Virahya Pattarachokchai (; born March 24, 1992), is a Thai actress and model, who was the runner-up of the second season and the winner of the fourth season of The Face Thailand.

Early life and education
Pattarachokchai was born in Ratchaburi, Thailand. She is of Chinese, Thai and Turkish descent. She graduated from the Sacred Heart Convent School and received a bachelor's degree in Communication Arts from Rangsit University.

Career
She entered the entertainment industry through modeling, starting her career in 2011 as a contestant in Thai Supermodel Contest 2011, where she was placed in Top 10 and won Body Perfect Award. 

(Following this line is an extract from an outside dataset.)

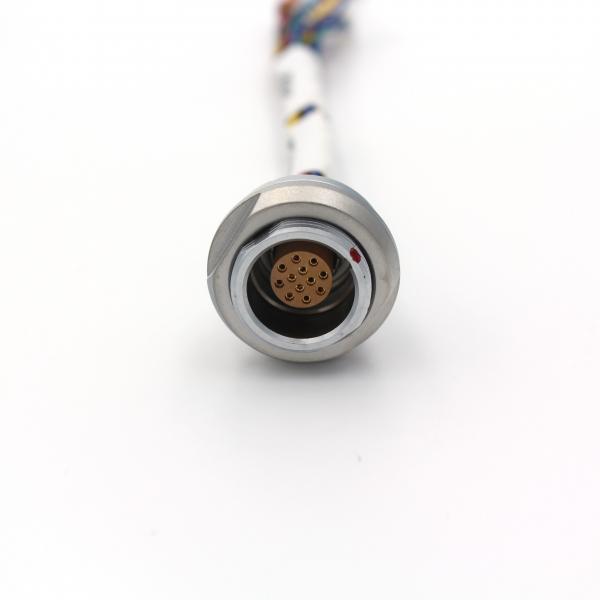 Quality 2K M12 Waterproof Connector Self Locking IP68 Cable Connector Aviation Socket for sale
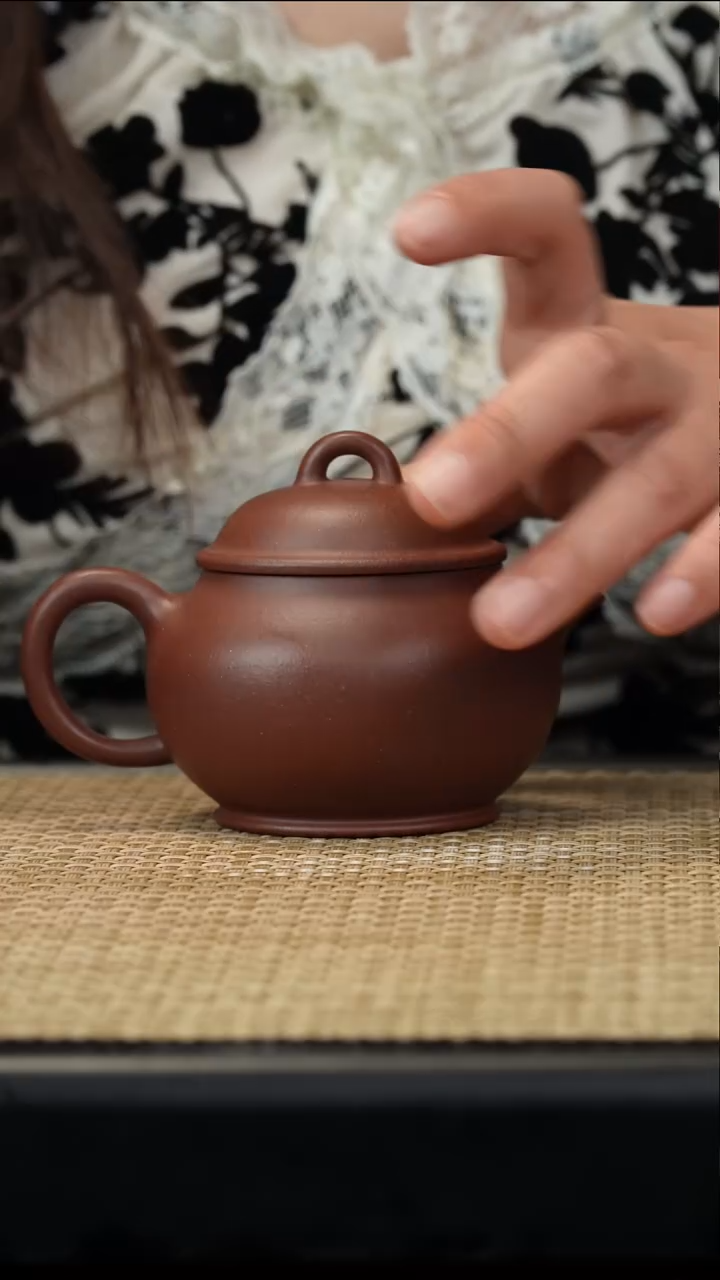 紫砂茶壶底槽清巨轮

In 2016, she joined The Face Thailand (season 2) as one of the contestants of Team Lukkade and she was runner-up with Wanpiya Ormsinnoppakul and signed a contract with Kantana. 

In 2018, she joined The Face Thailand (season 4) as one of the contestants of Team Cris and Lukkade and she won the competition. 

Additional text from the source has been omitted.